> [Exercise details]:
Output exactly, and only, the lines below from the one with "Today's topic is" down to the one with "The advice is". Include both end lines and no pictures.

> [Input]:
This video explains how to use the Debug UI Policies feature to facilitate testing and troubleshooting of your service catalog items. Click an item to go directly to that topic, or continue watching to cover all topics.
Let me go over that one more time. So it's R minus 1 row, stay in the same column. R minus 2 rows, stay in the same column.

==

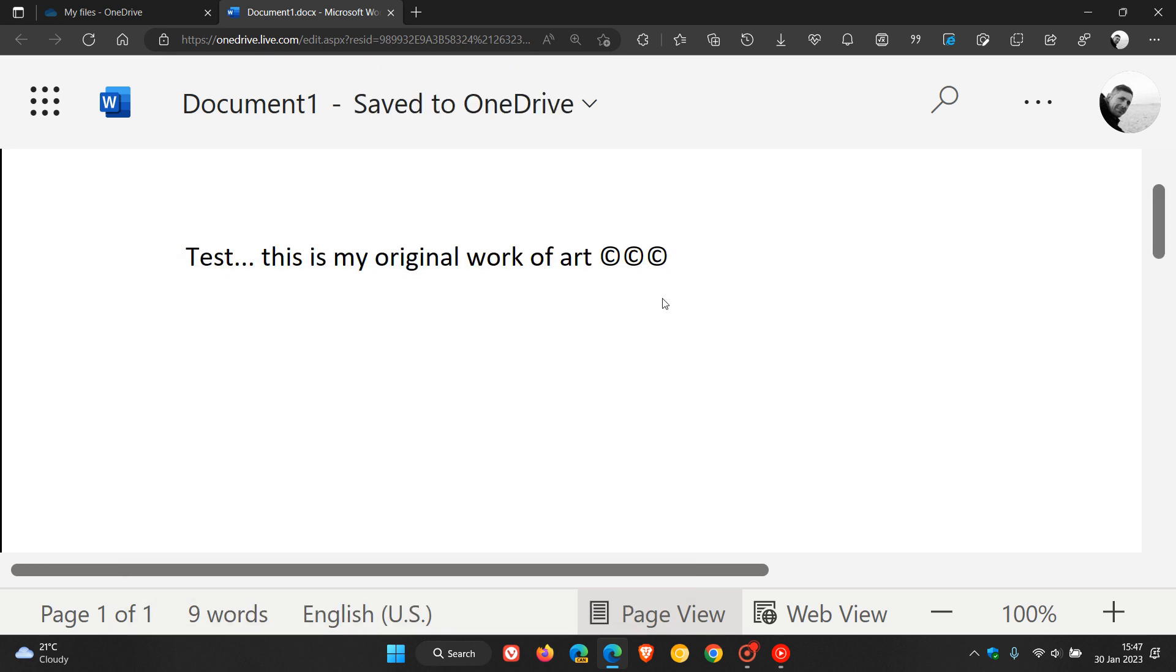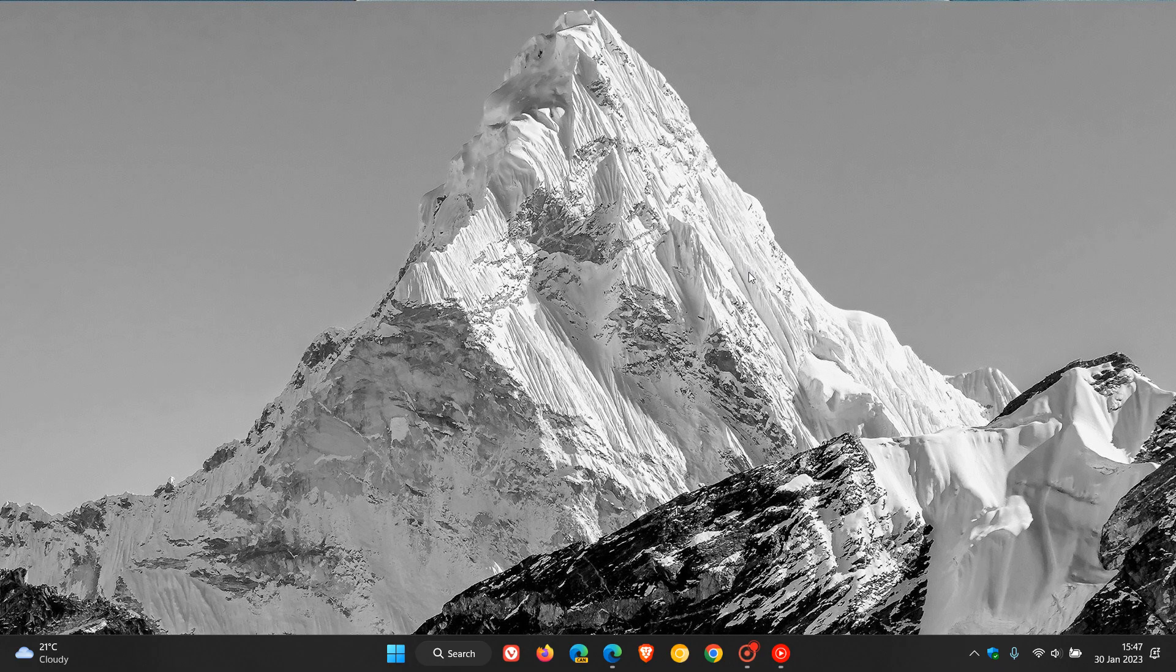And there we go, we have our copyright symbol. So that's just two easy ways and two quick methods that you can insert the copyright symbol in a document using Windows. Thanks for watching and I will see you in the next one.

* * *

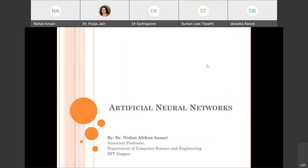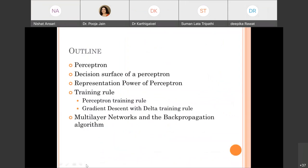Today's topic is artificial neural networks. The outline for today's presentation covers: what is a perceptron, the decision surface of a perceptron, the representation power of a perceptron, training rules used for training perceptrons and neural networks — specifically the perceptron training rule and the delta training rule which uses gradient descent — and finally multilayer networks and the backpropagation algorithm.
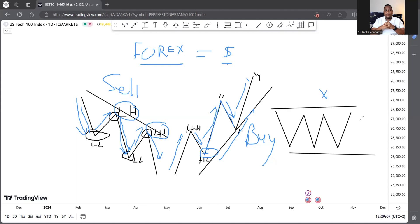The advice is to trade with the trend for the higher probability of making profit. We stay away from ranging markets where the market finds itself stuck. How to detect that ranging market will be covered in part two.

> [Reply]:
Today's topic is artificial neural networks. The outline for today's presentation covers: what is a perceptron, the decision surface of a perceptron, the representation power of a perceptron, training rules used for training perceptrons and neural networks — specifically the perceptron training rule and the delta training rule which uses gradient descent — and finally multilayer networks and the backpropagation algorithm.
The advice is to trade with the trend for the higher probability of making profit. We stay away from ranging markets where the market finds itself stuck. How to detect that ranging market will be covered in part two.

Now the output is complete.